**EXERCISE REQUIREMENTS**
Return the full listing word for word, but drop every picture from it.

DATASET EXTRACT START

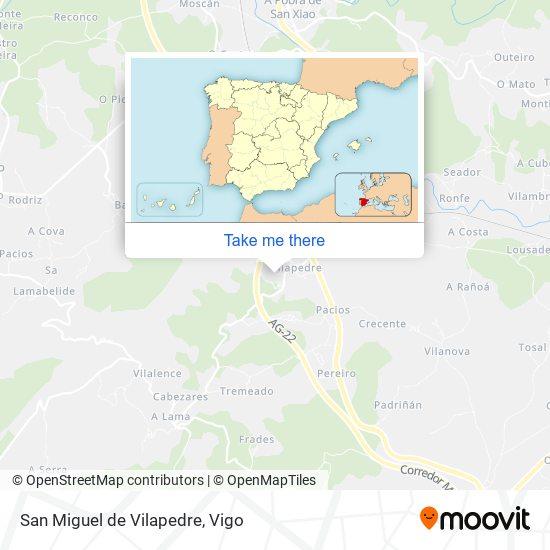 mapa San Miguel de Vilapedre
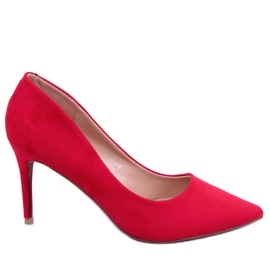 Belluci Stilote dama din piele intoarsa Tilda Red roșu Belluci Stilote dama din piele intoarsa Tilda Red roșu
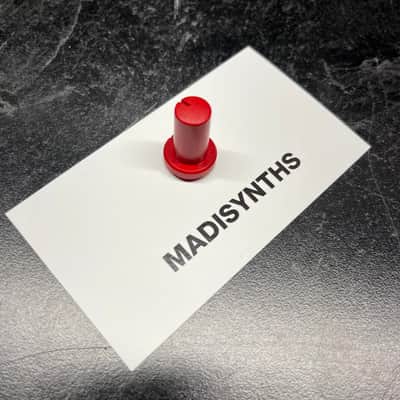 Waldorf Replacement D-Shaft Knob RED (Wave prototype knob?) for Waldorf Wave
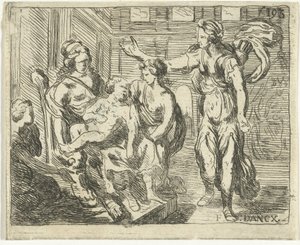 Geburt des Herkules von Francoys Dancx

DATASET EXTRACT END

**WRITTEN ANSWER**
 mapa San Miguel de Vilapedre
 Belluci Stilote dama din piele intoarsa Tilda Red roșu Belluci Stilote dama din piele intoarsa Tilda Red roșu
 Waldorf Replacement D-Shaft Knob RED (Wave prototype knob?) for Waldorf Wave
 Geburt des Herkules von Francoys Dancx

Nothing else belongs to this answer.